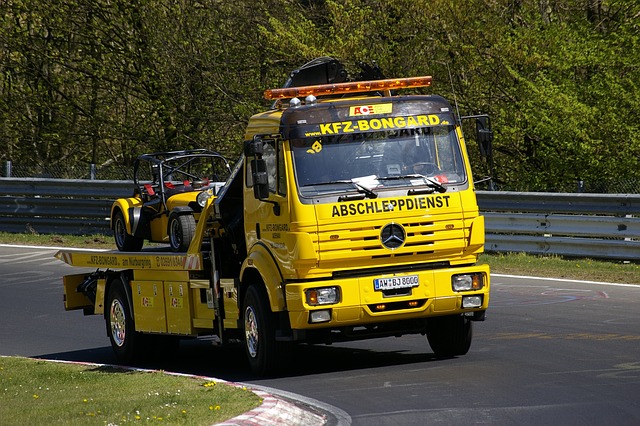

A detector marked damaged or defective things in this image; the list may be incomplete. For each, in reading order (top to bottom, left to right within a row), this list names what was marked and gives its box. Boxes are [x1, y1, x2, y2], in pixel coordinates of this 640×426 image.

damaged race car [111, 149, 231, 251]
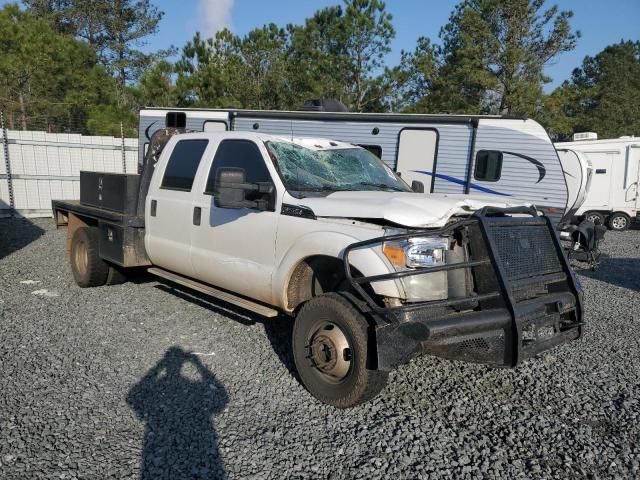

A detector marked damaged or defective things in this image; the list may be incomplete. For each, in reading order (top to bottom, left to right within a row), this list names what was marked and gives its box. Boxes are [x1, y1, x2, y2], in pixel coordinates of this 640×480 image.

cracked windshield [264, 142, 410, 194]
damaged white truck [52, 129, 584, 406]
front end damage [344, 207, 584, 372]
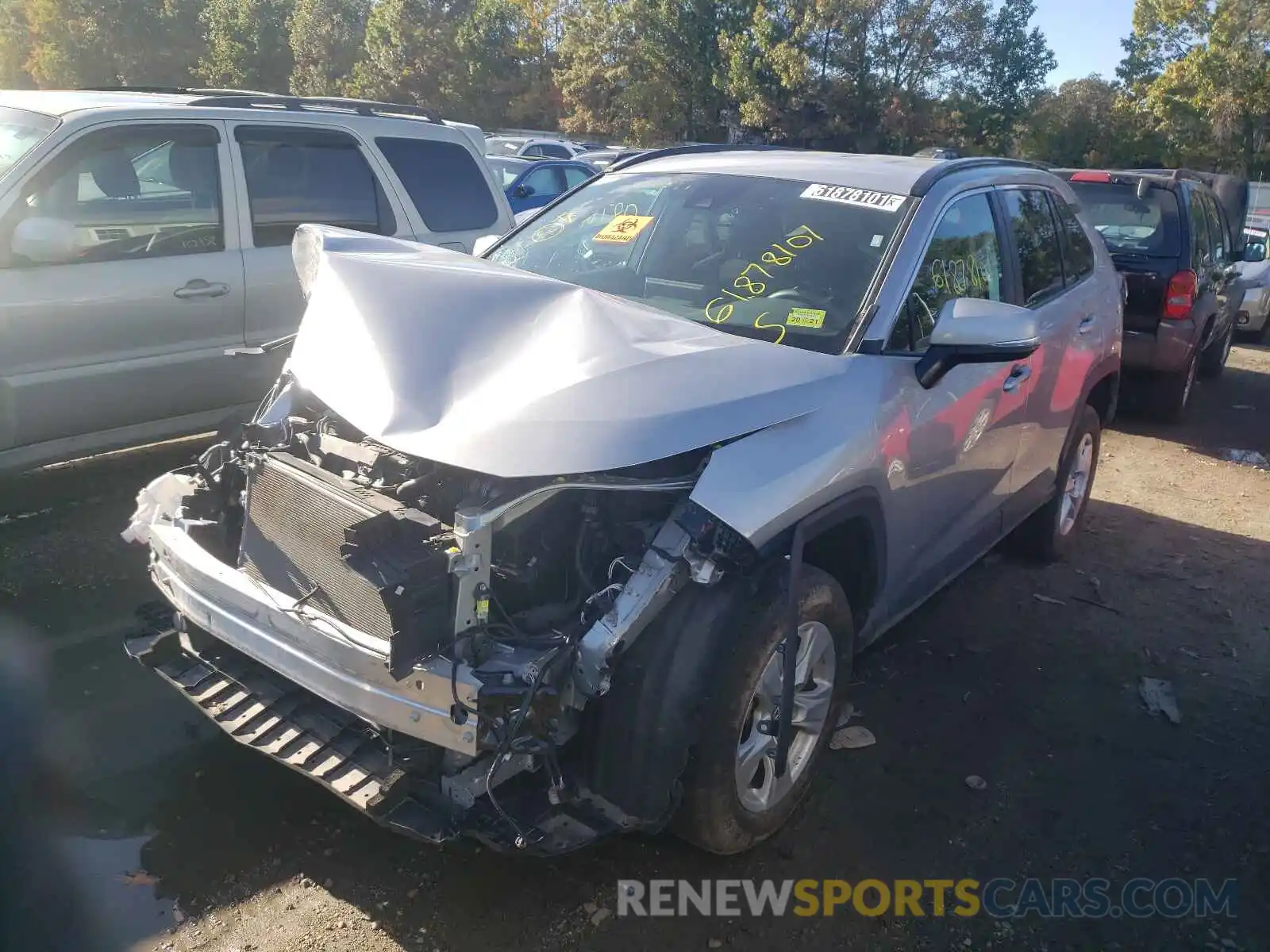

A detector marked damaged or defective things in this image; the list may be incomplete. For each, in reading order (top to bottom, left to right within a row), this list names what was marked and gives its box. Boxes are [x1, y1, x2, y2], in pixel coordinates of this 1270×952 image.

crumpled hood [286, 224, 845, 476]
severely damaged suv [124, 147, 1124, 857]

### What the task requires:
Return the line that contains "this 1270×952 image." along with every line after it through the end of the entries, exactly, adding nothing.

### Answer:
A detector marked damaged or defective things in this image; the list may be incomplete. For each, in reading order (top to bottom, left to right within a row), this list names what was marked and gives its box. Boxes are [x1, y1, x2, y2], in pixel coordinates of this 1270×952 image.

crumpled hood [286, 224, 845, 476]
severely damaged suv [124, 147, 1124, 857]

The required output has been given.